- [Problem]
Below are entries; copy exactly, and only, the lines from the one containing "Kallum's Fury (Lake" through their final line, leaving out pictures.
══ The records
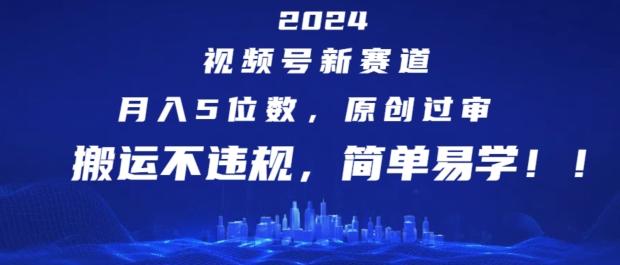 2024视频号新赛道，月入5位数+，原创过审，搬运不违规，简单易学【揭秘】-kk网创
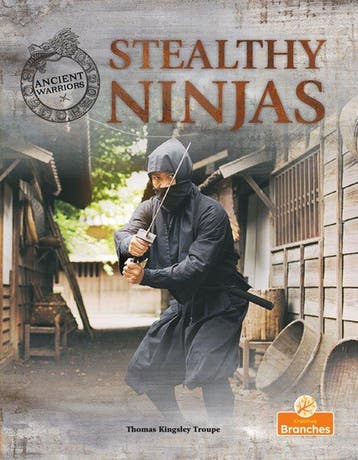 9781039809505 Ancient Warriors- Stealthy Ninjas, Verzenden, Nieuw, Thomas Kingsley Troupe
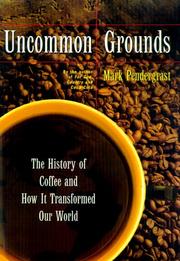 Cover of: Uncommon Grounds by Mark Pendergrast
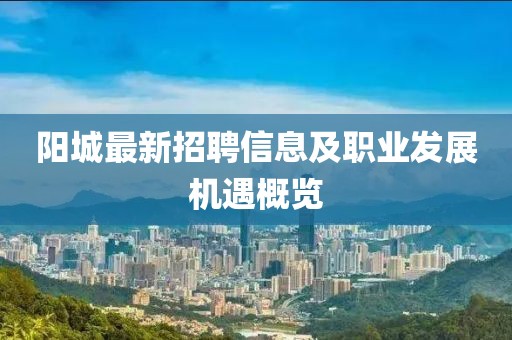 阳城最新招聘信息及职业发展机遇概览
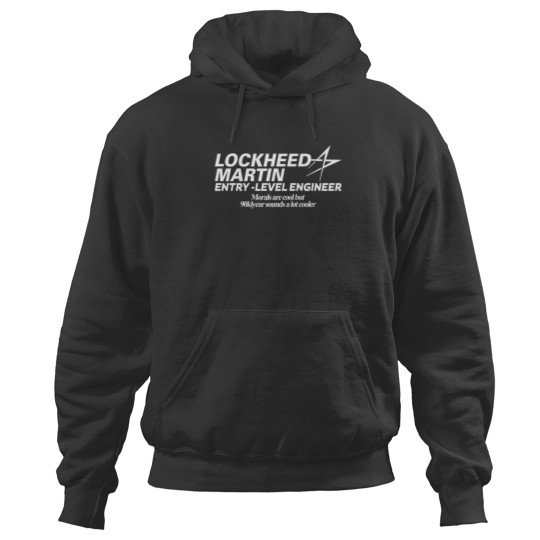 Discover Lockheed Martin Entry- level Engineer Morals Are Cool But 90klyear Sounds A Lot Cooler Hoodies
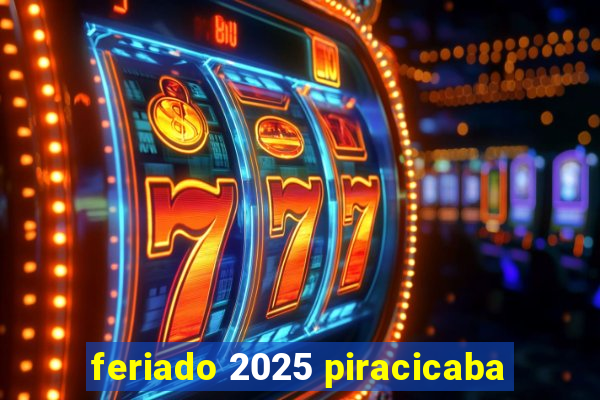 feriado 2025 piracicaba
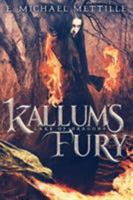 Kallum's Fury (Lake of Dragons #2) 0997557117 Book Cover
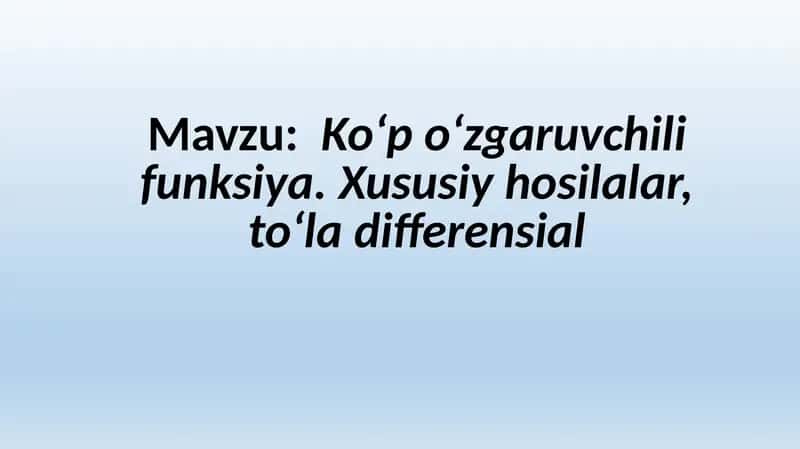 Ko‘p o‘zgaruvchili funksiya. Xususiy hosilalar, to‘la differensial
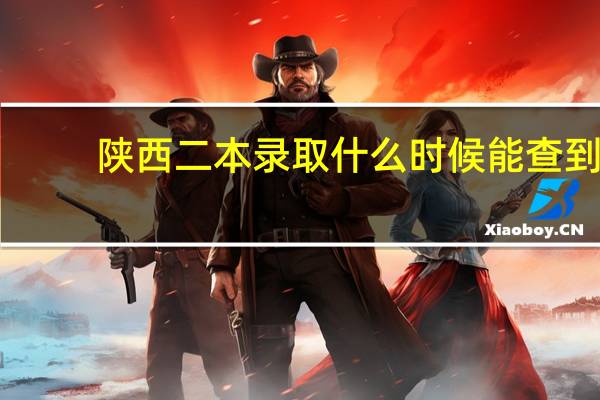陕西二本录取什么时候能查到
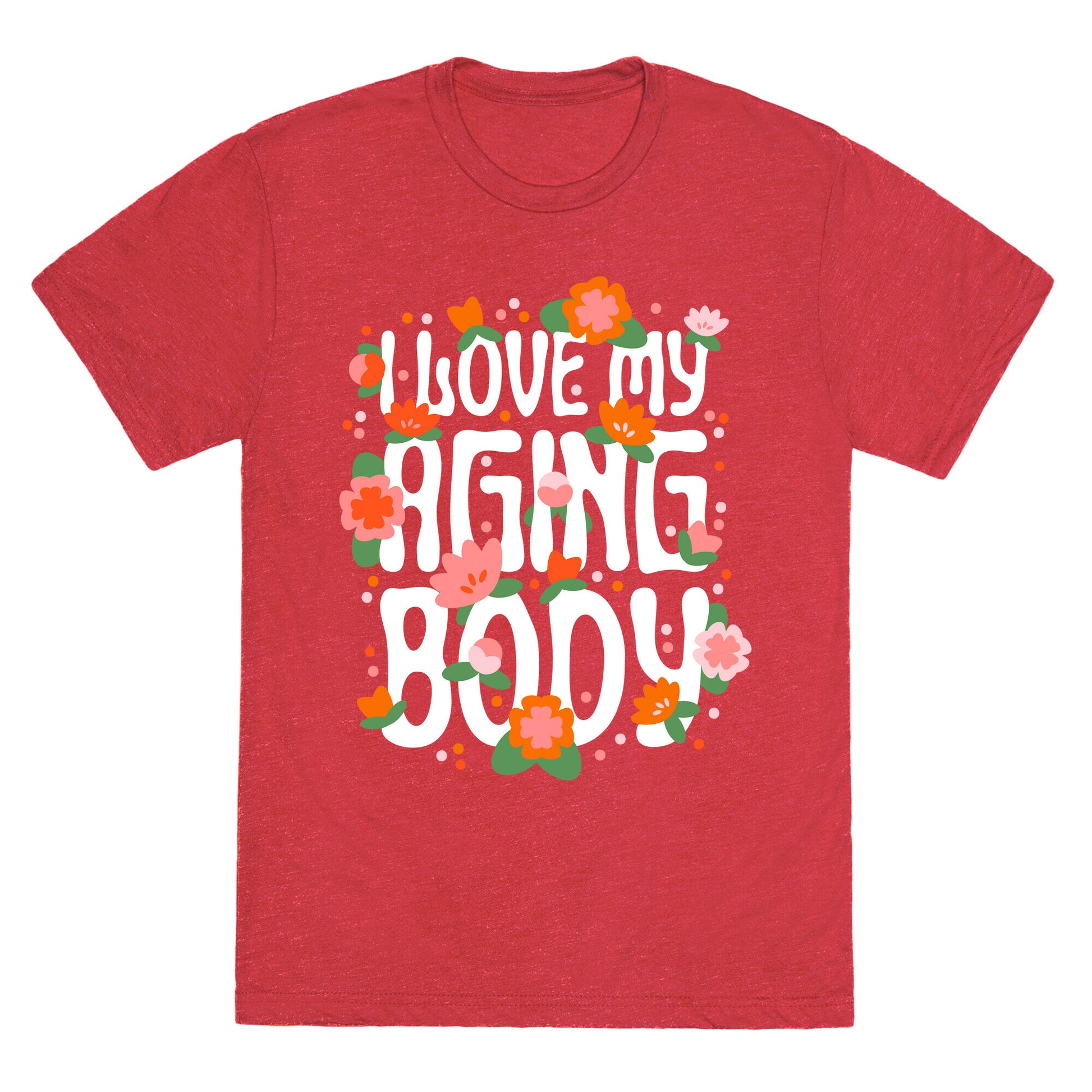 I Love My Aging Body Unisex Triblend Tee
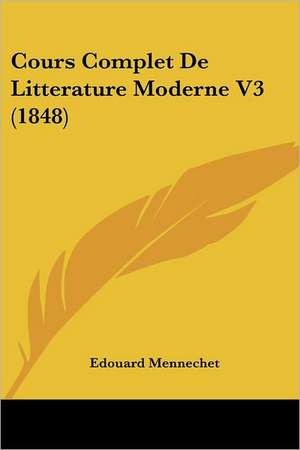 Cours Complet De Litterature Moderne V3 (1848) de Edouard Mennechet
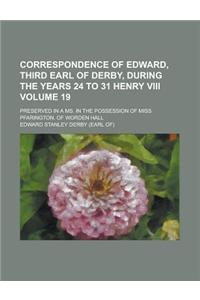 Correspondence of Edward, Third Earl of Derby, During the Years 24 to 31 Henry VIII.; Preserved in a Ms. in the Possession of Miss Pfarington,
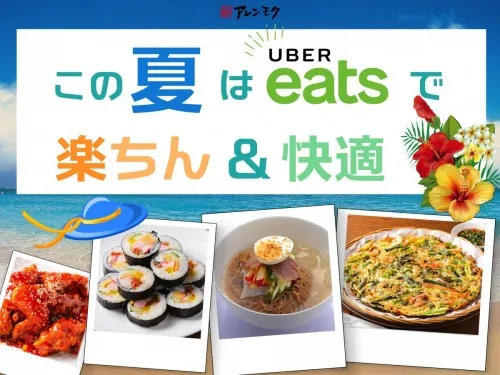 この夏はUber Eatsで楽ちん＆快適♪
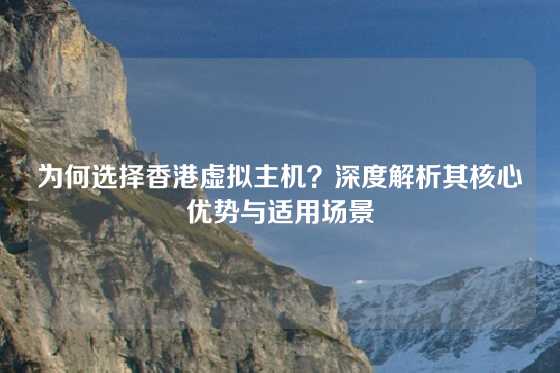 为何选择香港虚拟主机?深度解析其核心优势与适用场景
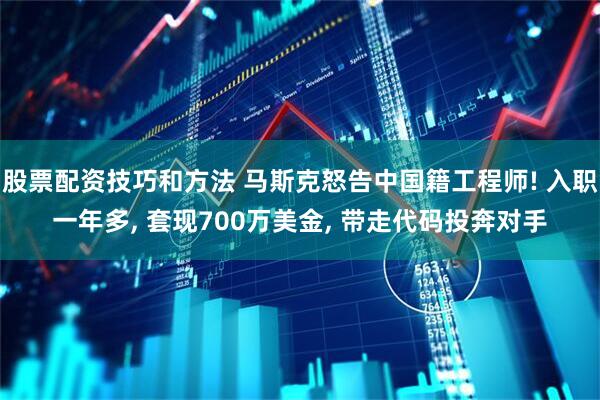 股票配资技巧和方法 马斯克怒告中国籍工程师! 入职一年多, 套现700万美金, 带走代码投奔对手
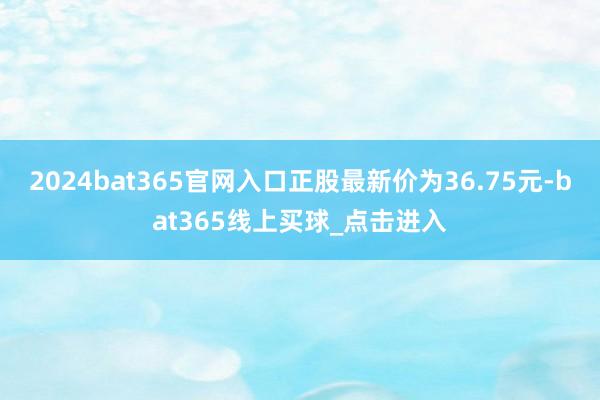 2024bat365官网入口正股最新价为36.75元-bat365线上买球_点击进入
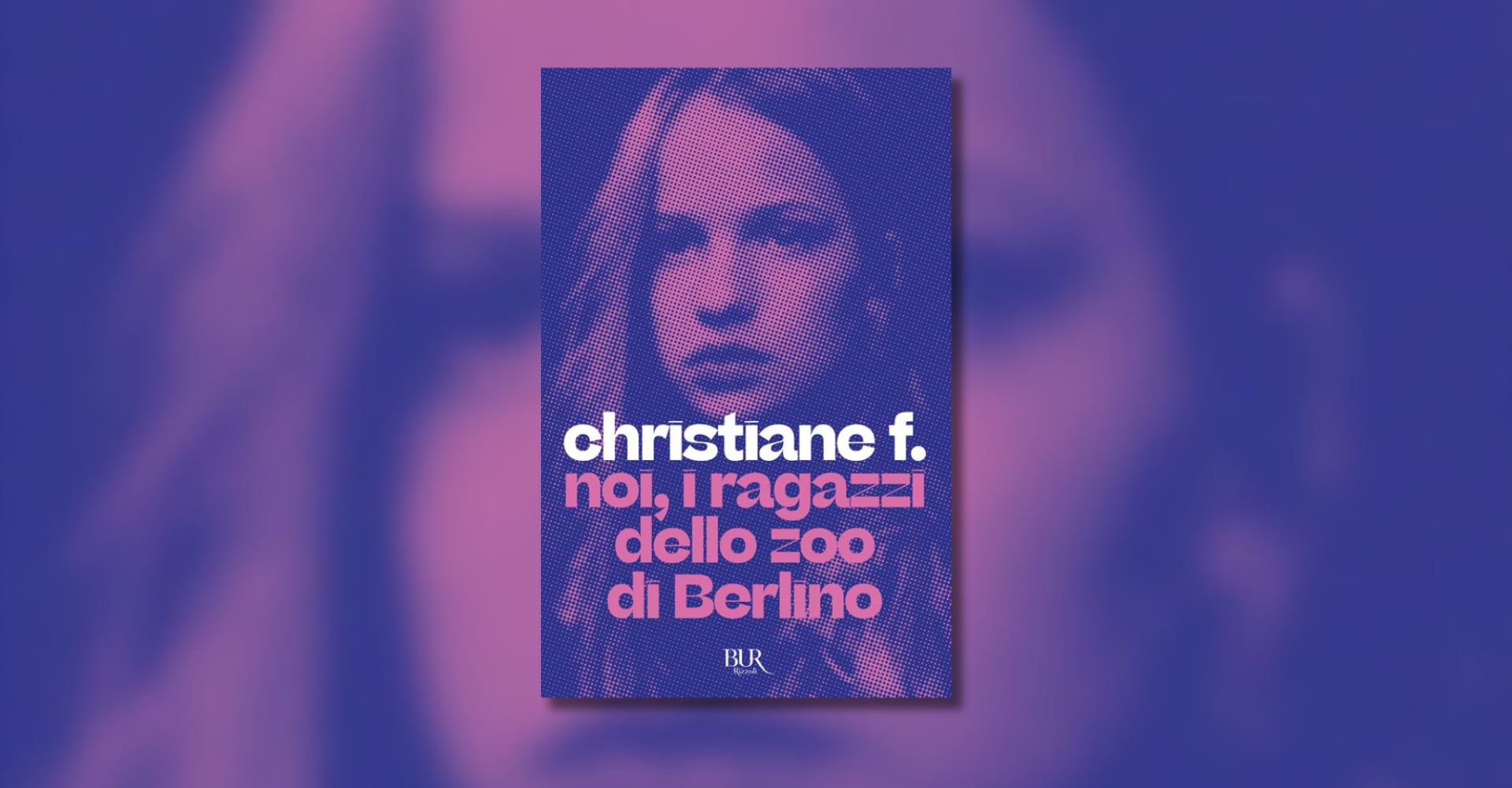 "Noi, i ragazzi dello zoo di Berlino": il libro che continua a disturbare intere generazioni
════
- [Solution to this problem]
 Kallum's Fury (Lake of Dragons #2) 0997557117 Book Cover
 Ko‘p o‘zgaruvchili funksiya. Xususiy hosilalar, to‘la differensial
陕西二本录取什么时候能查到
 I Love My Aging Body Unisex Triblend Tee
 Cours Complet De Litterature Moderne V3 (1848) de Edouard Mennechet
 Correspondence of Edward, Third Earl of Derby, During the Years 24 to 31 Henry VIII.; Preserved in a Ms. in the Possession of Miss Pfarington,
 この夏はUber Eatsで楽ちん＆快適♪
 为何选择香港虚拟主机?深度解析其核心优势与适用场景
 股票配资技巧和方法 马斯克怒告中国籍工程师! 入职一年多, 套现700万美金, 带走代码投奔对手
 2024bat365官网入口正股最新价为36.75元-bat365线上买球_点击进入
 "Noi, i ragazzi dello zoo di Berlino": il libro che continua a disturbare intere generazioni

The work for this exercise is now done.